PROBLEM REQUIREMENTS >>
Retype exactly the lines from the one containing "deleyCON 6x Sat-Winkel-Adapter" through the last line of the records below, including both, and leave out any pictures.

*** Opening INFORMATION ***

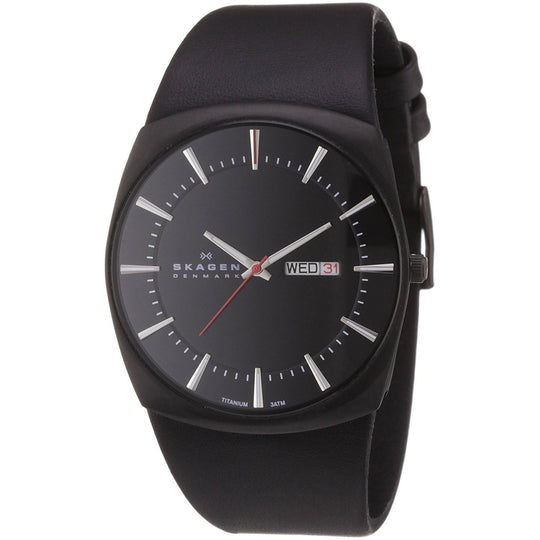Skagen Men's 696XLTBLB Black Leather Watch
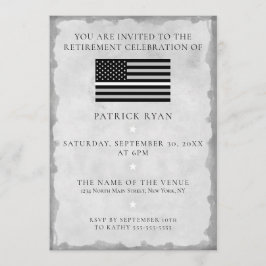 Thin White Line Flagga EMS EMT Pension Party Inbjudningar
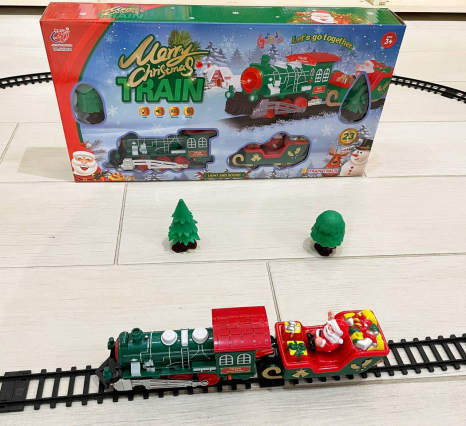 Новорічний експрес залізниця Marry Christmas Train (локомотив, вагон,звук, світло) JHX6636-37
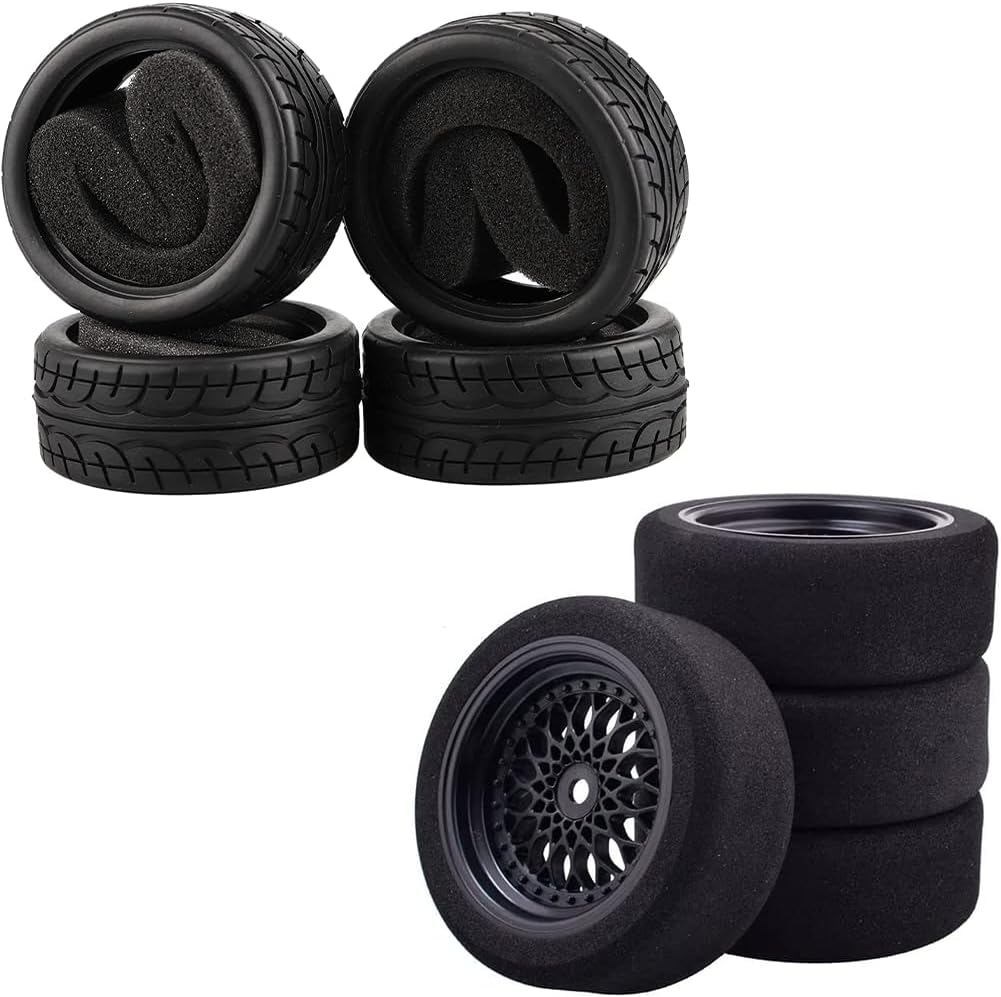 4 PCS Soft Rubber Tires Tyre for RC 1:10 On Road Touring Car, 1/10 On-Road Foam Tires& 2080-3mm Wheel Rims 12mm Hex for HSP HPI RC Racing Car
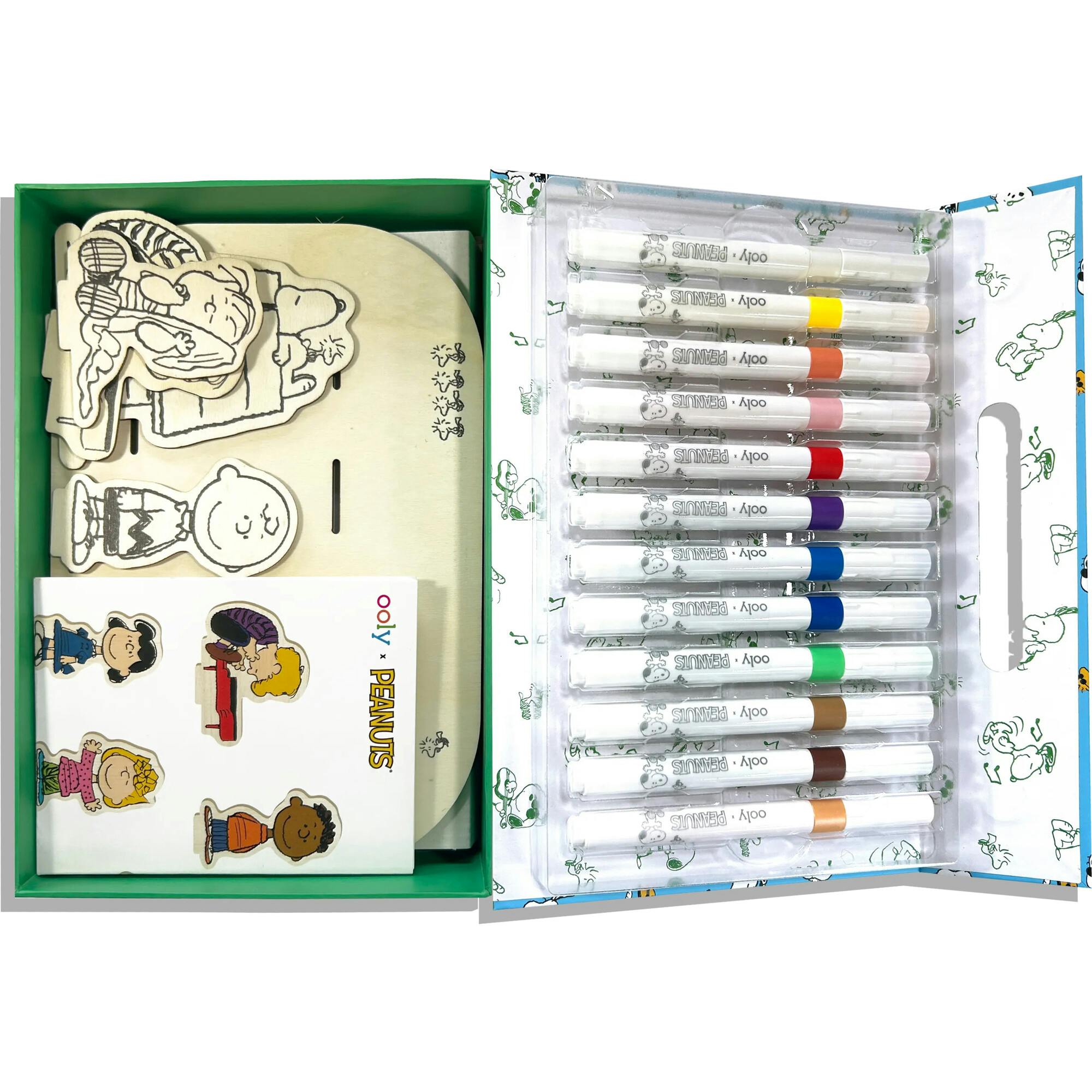OOLY x Peanuts Color-In Wooden Scene Kit - 12 Paint Markers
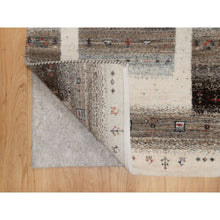 Load image into Gallery viewer, 2&#39;3&quot;x4&#39;6&quot; Pristine White, Thick And Plush, Lori Buft Gabbeh With Small Animal And Human Figurines, Modern, Pure Wool, Hand Knotted, Oriental Rug FWR547980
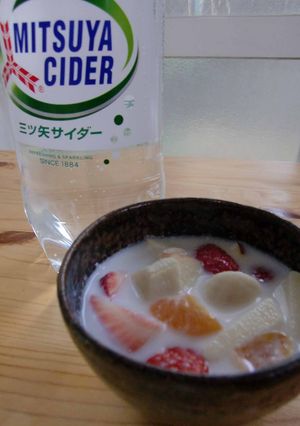三ツ矢サイダーで簡単ミルクフルーツポンチ-レシピのメイン写真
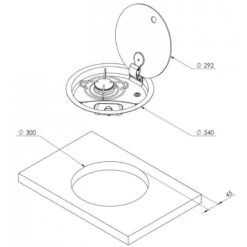 Piano Cottura Rotondo A Gas 1 Fuoco Con Coperchio In Vetro -ORANGEMARINE piano cottura rotondo a gas 1 fuoco con coperchio in vetro 3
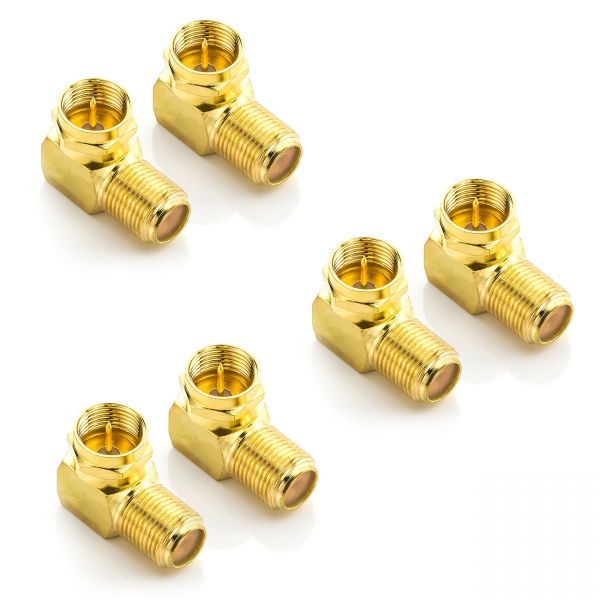 deleyCON 6x Sat-Winkel-Adapter 90° Grad für Koaxialkabel 7mm F-Adapter F-Buchse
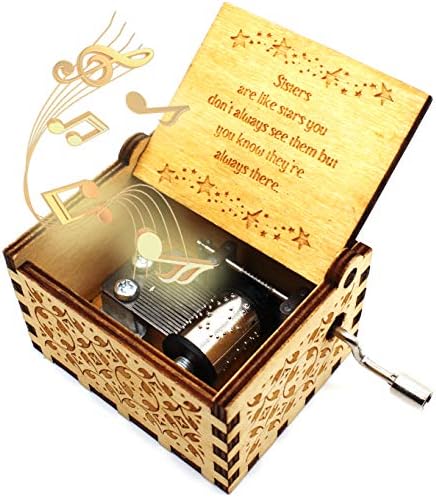 Дрвена музичка кутија Укебобо - Вие сте мојата музичка кутија за сонце, подароци за сестра, подароци за BFF, најновата музичка кутија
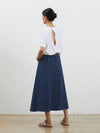 Denim edge cut flare long skirt indigo - RYUL+WAI: - BALAAN 4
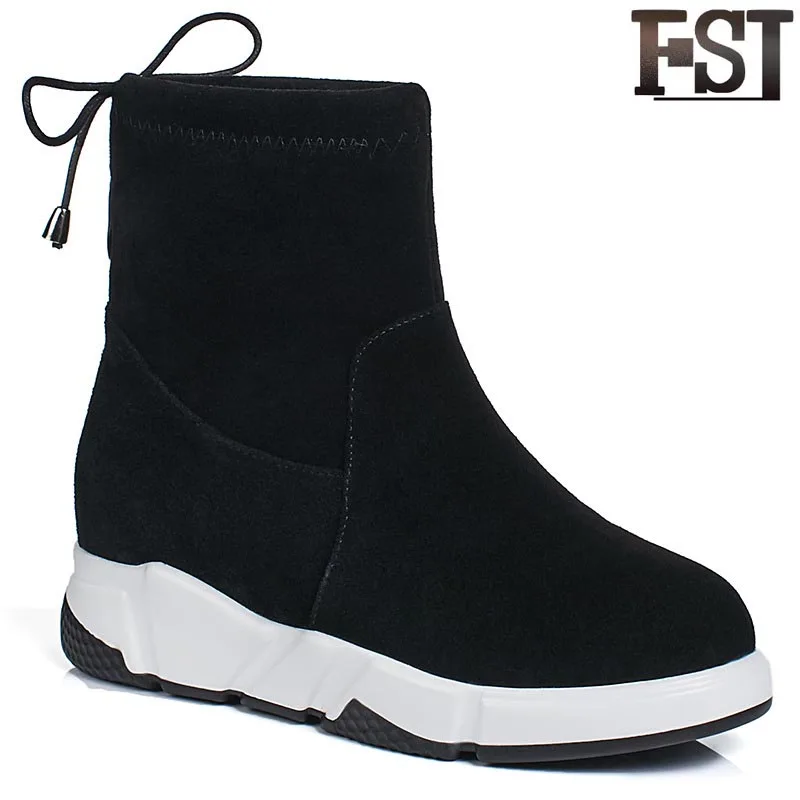 

FSJ Black 2019 Spring Back Butterfly-Knot Genuine Warm Kid Suede Round Toe Flat Heel Woman Ankle Boots Work Casual Ladies Shoes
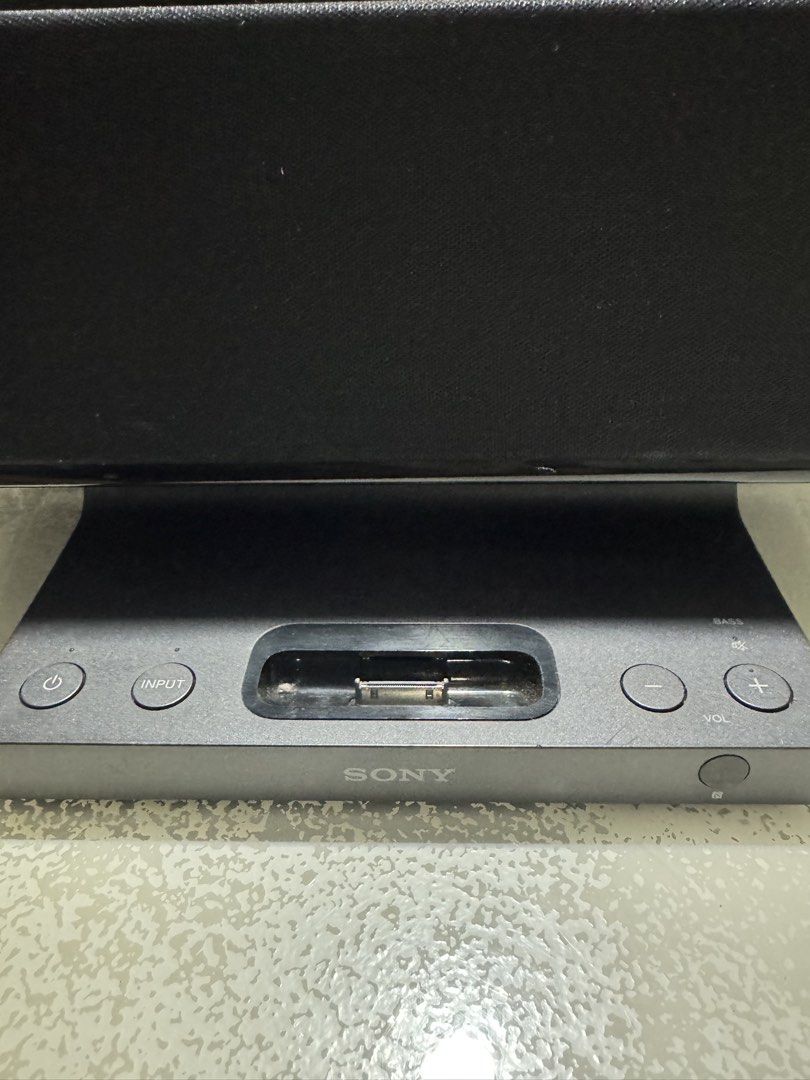 Sony Speaker Dock with Power Adapter (Category: Soundbars, Speakers & Amplifiers) located in Cavite. Submitted by marcuz1316 (Listing ID 1466252850, Image 2). Description: - Authentic Sony speaker dock with a sleek glossy black finish - Includes original Sony power adapter - Built-in dock connector, volume buttons, power button, and input toggle - Rear ports feature DC-in (13V) and audio-in jack - Tested and in great working condition - Perfect f
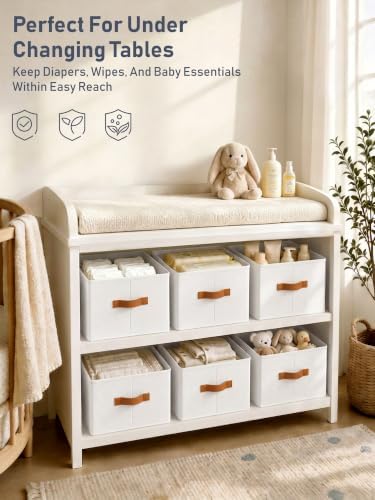 6 Pack Large Closet Storage Baskets Bins for Shelves, Collapsible Fabric Closet Organizers and Storage with Polyester Handles, Decorative Baskets for Organizing Clothes, Towels, Linen Closet 14"x10"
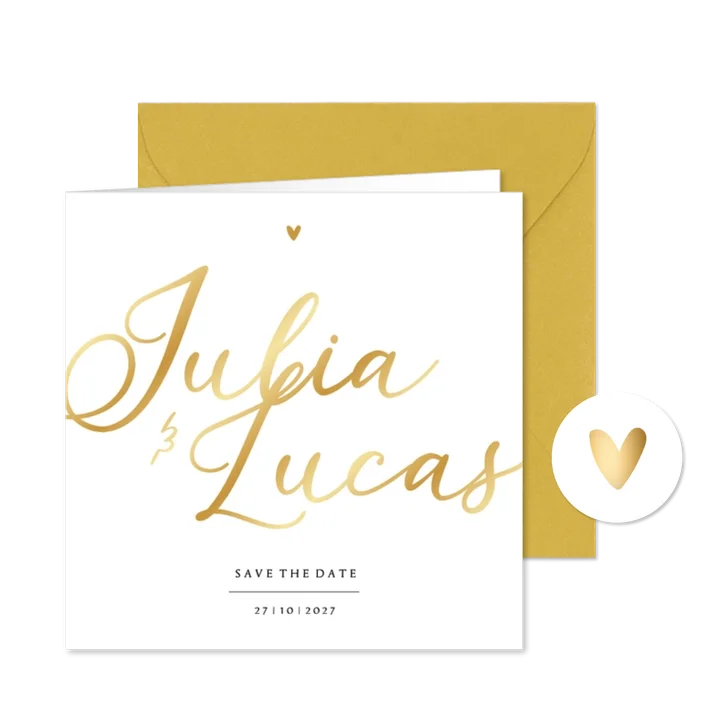 Save the date kaart bruiloft foliedruk namen goud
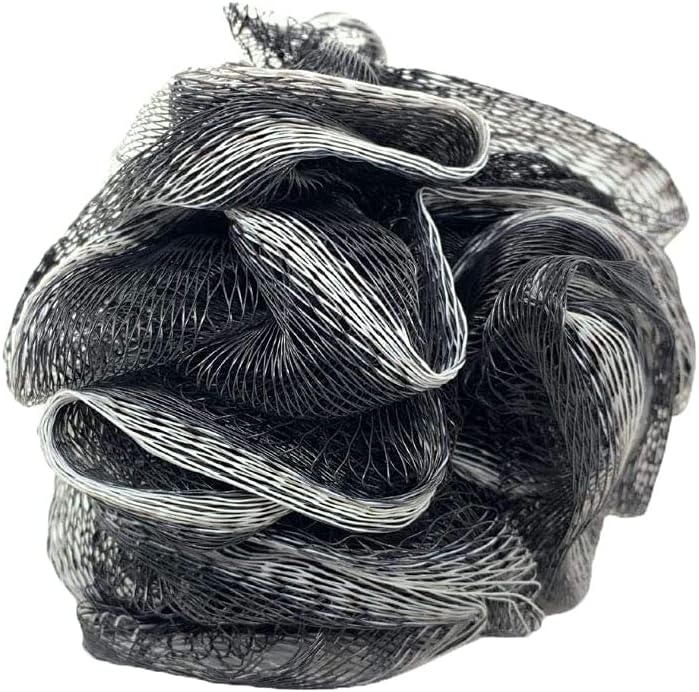 24 Bamboo Charcoal Infused Black Bath or Shower Sponge Loofahs Pouf Medium Mesh Wholesale Bulk LOT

*** Closing INFORMATION ***

SOLUTION FOR THIS PROBLEM >>
 deleyCON 6x Sat-Winkel-Adapter 90° Grad für Koaxialkabel 7mm F-Adapter F-Buchse
 Дрвена музичка кутија Укебобо - Вие сте мојата музичка кутија за сонце, подароци за сестра, подароци за BFF, најновата музичка кутија
 Denim edge cut flare long skirt indigo - RYUL+WAI: - BALAAN 4

FSJ Black 2019 Spring Back Butterfly-Knot Genuine Warm Kid Suede Round Toe Flat Heel Woman Ankle Boots Work Casual Ladies Shoes
 Sony Speaker Dock with Power Adapter (Category: Soundbars, Speakers & Amplifiers) located in Cavite. Submitted by marcuz1316 (Listing ID 1466252850, Image 2). Description: - Authentic Sony speaker dock with a sleek glossy black finish - Includes original Sony power adapter - Built-in dock connector, volume buttons, power button, and input toggle - Rear ports feature DC-in (13V) and audio-in jack - Tested and in great working condition - Perfect f
 6 Pack Large Closet Storage Baskets Bins for Shelves, Collapsible Fabric Closet Organizers and Storage with Polyester Handles, Decorative Baskets for Organizing Clothes, Towels, Linen Closet 14"x10"
 Save the date kaart bruiloft foliedruk namen goud
 24 Bamboo Charcoal Infused Black Bath or Shower Sponge Loofahs Pouf Medium Mesh Wholesale Bulk LOT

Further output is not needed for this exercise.